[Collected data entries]
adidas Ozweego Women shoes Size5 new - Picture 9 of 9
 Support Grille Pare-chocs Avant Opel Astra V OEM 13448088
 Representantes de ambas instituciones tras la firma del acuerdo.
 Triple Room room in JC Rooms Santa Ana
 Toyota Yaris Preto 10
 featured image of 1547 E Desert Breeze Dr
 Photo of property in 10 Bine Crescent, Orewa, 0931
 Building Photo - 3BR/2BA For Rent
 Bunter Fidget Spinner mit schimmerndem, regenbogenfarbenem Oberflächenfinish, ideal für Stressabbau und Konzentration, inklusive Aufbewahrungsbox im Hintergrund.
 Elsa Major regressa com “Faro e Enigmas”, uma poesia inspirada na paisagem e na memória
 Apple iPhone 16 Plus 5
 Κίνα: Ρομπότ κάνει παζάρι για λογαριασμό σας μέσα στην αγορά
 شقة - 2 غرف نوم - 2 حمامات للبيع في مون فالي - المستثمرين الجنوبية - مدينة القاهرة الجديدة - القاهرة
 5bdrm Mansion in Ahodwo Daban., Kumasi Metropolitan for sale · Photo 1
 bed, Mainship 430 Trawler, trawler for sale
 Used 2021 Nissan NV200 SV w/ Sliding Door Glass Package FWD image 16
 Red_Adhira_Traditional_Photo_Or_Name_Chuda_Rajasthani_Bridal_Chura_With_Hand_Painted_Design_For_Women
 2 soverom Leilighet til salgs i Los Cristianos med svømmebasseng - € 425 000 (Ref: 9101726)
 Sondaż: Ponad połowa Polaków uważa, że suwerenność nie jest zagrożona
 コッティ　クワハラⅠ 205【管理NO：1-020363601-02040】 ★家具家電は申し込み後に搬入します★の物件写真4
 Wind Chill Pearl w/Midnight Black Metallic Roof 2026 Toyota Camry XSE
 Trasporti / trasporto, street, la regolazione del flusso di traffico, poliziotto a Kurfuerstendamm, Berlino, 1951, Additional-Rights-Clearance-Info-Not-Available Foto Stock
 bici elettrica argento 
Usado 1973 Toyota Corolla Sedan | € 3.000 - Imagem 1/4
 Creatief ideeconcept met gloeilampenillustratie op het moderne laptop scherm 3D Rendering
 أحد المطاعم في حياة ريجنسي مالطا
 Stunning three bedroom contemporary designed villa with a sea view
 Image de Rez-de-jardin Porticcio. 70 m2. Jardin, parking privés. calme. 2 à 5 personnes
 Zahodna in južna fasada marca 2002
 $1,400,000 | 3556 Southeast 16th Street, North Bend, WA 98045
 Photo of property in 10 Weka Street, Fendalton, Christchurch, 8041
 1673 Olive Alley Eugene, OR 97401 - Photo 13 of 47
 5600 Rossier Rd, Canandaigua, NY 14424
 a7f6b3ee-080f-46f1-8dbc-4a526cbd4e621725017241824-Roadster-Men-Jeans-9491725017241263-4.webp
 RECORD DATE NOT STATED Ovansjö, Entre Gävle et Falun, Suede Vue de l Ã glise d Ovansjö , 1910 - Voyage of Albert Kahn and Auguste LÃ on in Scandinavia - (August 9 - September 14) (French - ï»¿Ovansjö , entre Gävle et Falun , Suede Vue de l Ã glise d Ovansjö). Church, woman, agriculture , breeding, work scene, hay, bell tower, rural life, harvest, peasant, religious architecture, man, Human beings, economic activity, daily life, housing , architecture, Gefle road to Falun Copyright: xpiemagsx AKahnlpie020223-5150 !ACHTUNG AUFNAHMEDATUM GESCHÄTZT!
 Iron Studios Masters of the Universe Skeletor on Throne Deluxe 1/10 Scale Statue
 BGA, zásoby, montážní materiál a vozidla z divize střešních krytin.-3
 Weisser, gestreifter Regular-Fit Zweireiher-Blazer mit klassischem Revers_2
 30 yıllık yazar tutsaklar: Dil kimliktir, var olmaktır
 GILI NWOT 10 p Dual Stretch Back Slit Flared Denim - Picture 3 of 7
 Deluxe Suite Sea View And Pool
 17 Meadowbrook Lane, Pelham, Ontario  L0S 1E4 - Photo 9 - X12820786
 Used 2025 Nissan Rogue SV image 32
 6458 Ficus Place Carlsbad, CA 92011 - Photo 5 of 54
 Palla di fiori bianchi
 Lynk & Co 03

Task item »
If a line falls between the first line of the records and the line containing "Toyota Yaris Preto 10", inclusive, repeat it exactly; leave out all others.

Expected answer »
adidas Ozweego Women shoes Size5 new - Picture 9 of 9
 Support Grille Pare-chocs Avant Opel Astra V OEM 13448088
 Representantes de ambas instituciones tras la firma del acuerdo.
 Triple Room room in JC Rooms Santa Ana
 Toyota Yaris Preto 10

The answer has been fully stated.